After his previous email stirred up an online spat concerning the origins of kimchi, Seo Kyoung-duk, a professor at South Korea's Sungshin Women's University, sent another email on Tuesday to Baidu Baike, China's Wikipedia-like platform, asking the platform to change the nationality of the late Yun Dong-ju, a famous Chinese poet belonging to China's Korean ethnic minority group, to South Korean. The move has caused many Chinese netizens to suspect that the professor is trying to incite clashes between the two cultures in order to "gain popularity."

However, Chinese experts in China-Korean studies have told the Global Times that this scholar does not represent mainstream public opinion, and historical figures with transnational backgrounds like Yun should be honored by both China and South Korea to promote cultural exchanges between the two countries.

According to a Tuesday report from the Yonhap News Agency, Seo sent an email to Baidu Baike saying that the platform was providing "incorrect information about the ethnicity and nationality" of certain independence activists. Seo claimed that the entry for Yun was an example of this as it lists the poet as being part of the "Korean ethnic group" and emphasized that he was "angry with China's distortion of history." 

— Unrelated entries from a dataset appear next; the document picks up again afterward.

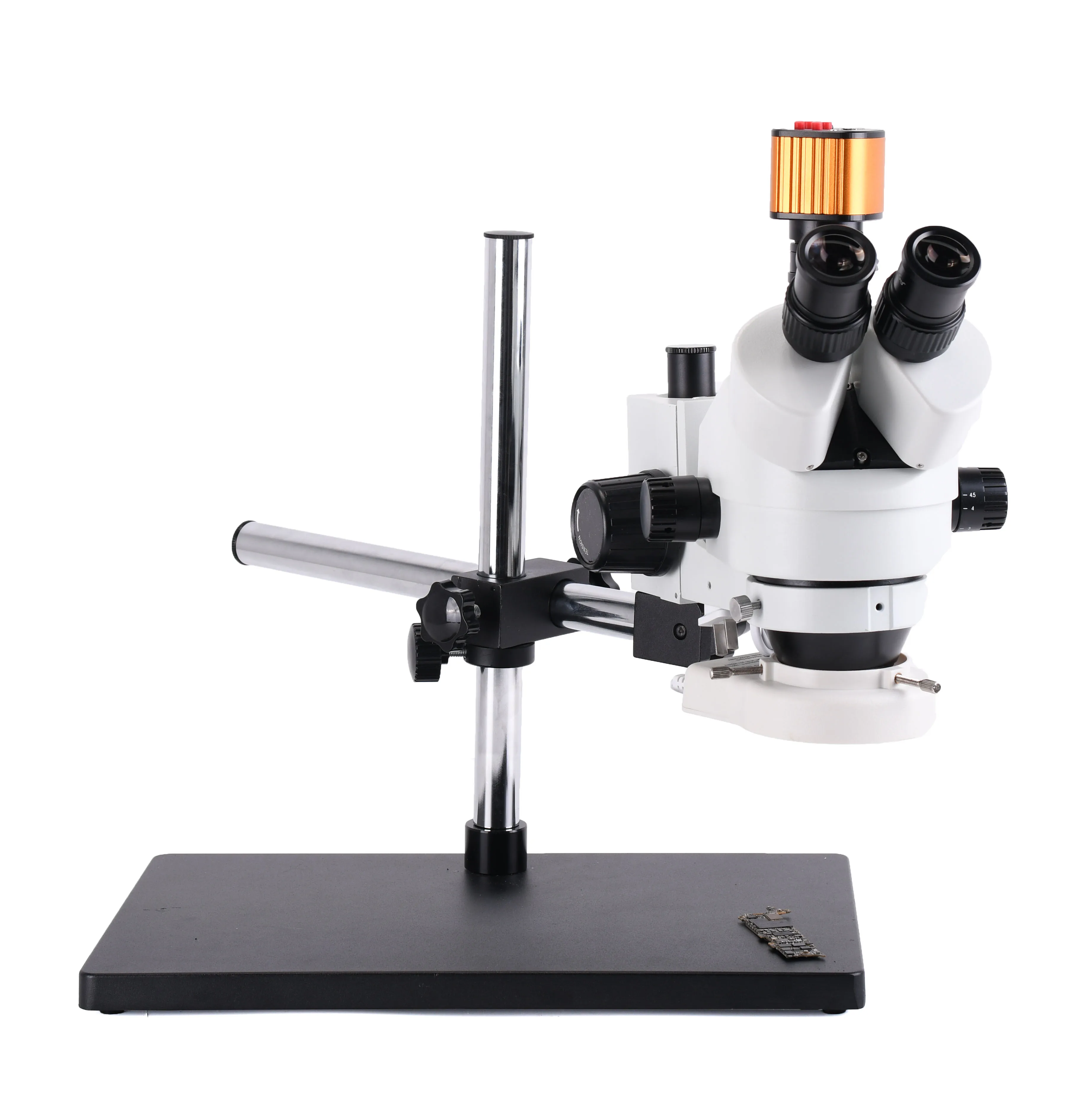 Simul-focal Continuous Zoom 7~45X Trinocular Stereo Microscope+HDMI/USB 16MP Microscope Camera+56 LED Light+Universal Bracket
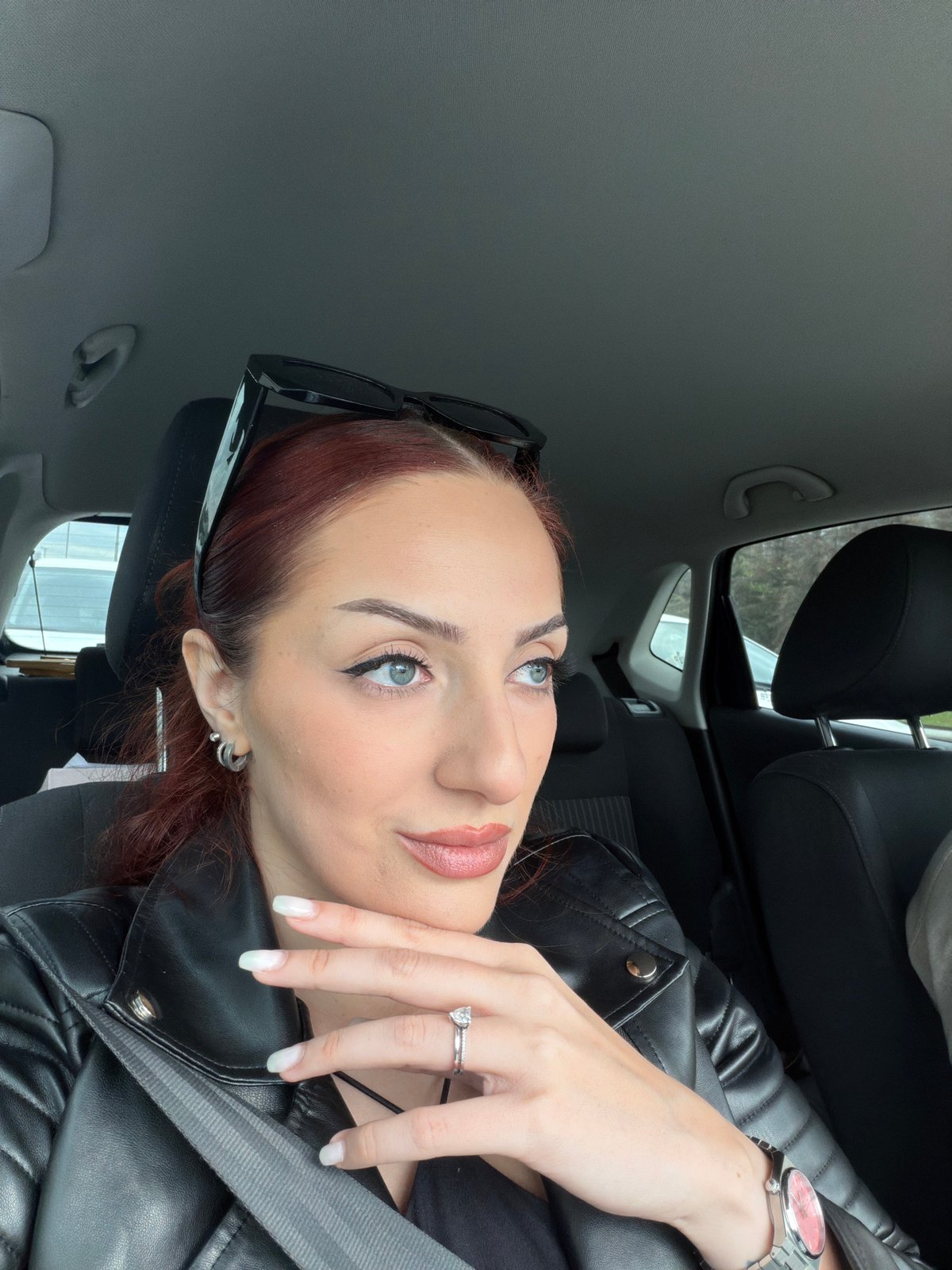 Woman in black leather jacket observed driving in Sofia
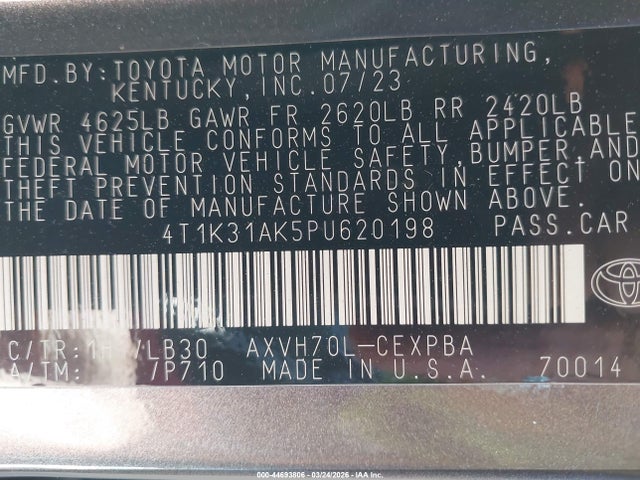 4T1K31AK5PU620198 Toyota Camry Xse Hybrid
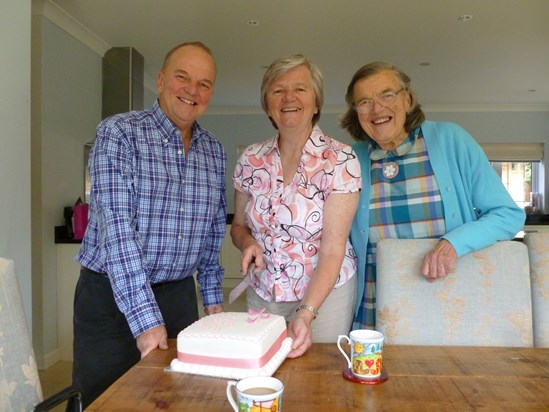 Roger, Mary and Chenda at Mary's 60th birthday party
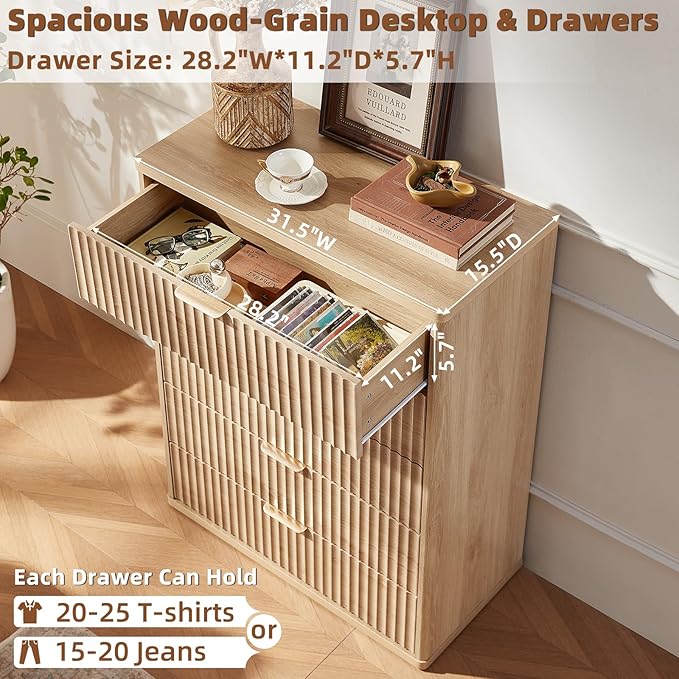 LEYAOYAO Fluted 5 Drawers Dresser for Bedroom, 41" Tall Modern Chest of Drawers with Metal Handle, Curved Profile Farmhouse Closet Organizer Wood Dressers TV Stand for Living Room, Natural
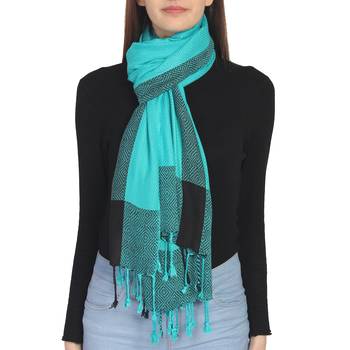 Teal & Black Woven Geometric Viscose Rayon Stole 2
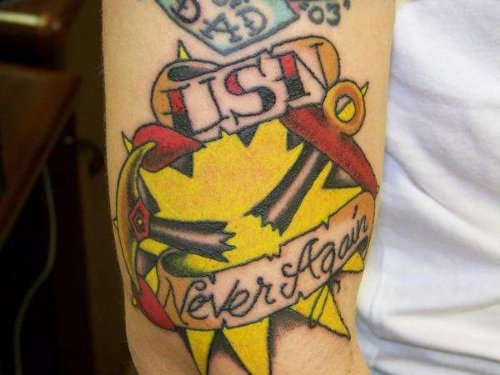 USN Banner And Navy Tattoo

Yun was born in 1917 in Mingdong village in Longjing city, North China's Jilin Province, along the border of China and the Korean Peninsula, which was at the time occupied by Japan. Yun began studying at Kyoto Doshisha University in 1942, but later was arrested by the Japanese police for inciting alleged anti-Japanese movements in 1943, and died in Fukuoka prison in Japan in 1945 at the age of 27, leaving behind more than 100 poems. 

The hashtag "South Korean professor asks to change nationality of Chinese poet from Korean ethnic group to South Korean" quickly began trending on China's Twitter-like Sina Weibo, earning more than 390 million views as of Wednesday. 

Many Chinese netizens noticed that Seo is the same person who provoked a previous online cultural spat over the origins of kimchi in December 2020. At the time he protested the phrase "Korean kimchi originated from China" within the platform's entry on the history and culture of kimchi by sending an email to Baidu Baike, which later evoked nationalist sentiment among both South Korean and Chinese netizens. 

The entry was later deleted by a registered user.

Some netizens suspected that Seo is trying to "gain popularity and expand his influence" by stirring up national sentiment in South Korea and hurt normal exchanges between netizens of the two countries.

Li Kaisheng, a research fellow and deputy director at the Institute of International Relations of the Shanghai Academy of Social Sciences, told the Global Times on Wednesday that due to the complicated history of the country, some South Korean people are very sensitive when talking about their culture. However, he noted that most people are rational and that a fringe group does not represent mainstream public opinion.

Lü Chao, director of the Research Institute for Borderland at Liaoning Academy of Social Sciences, echoed Li's opinion by saying that most South Korean scholars he knows are friendly and objective when discussing the two countries' history and culture.

"They also thought it was a joke when they heard some rumors that said Confucius is Korean," he noted. 

Lü pointed out that similar controversies can be discussed in academic forums while posting on social media and promoting a type of "de-sinicization" sentiment is not proper.

"The Korean Peninsula was previously a vassal state of China. The cultures of the two countries have much in common, which is worthy of joint study and discussion. Just like Korea-born Chinese composer Zheng Lücheng, who had significant influence in both countries, poet Yun should become a bridge for enhancing cultural communications in both countries rather than being used to drive them apart," said Lü.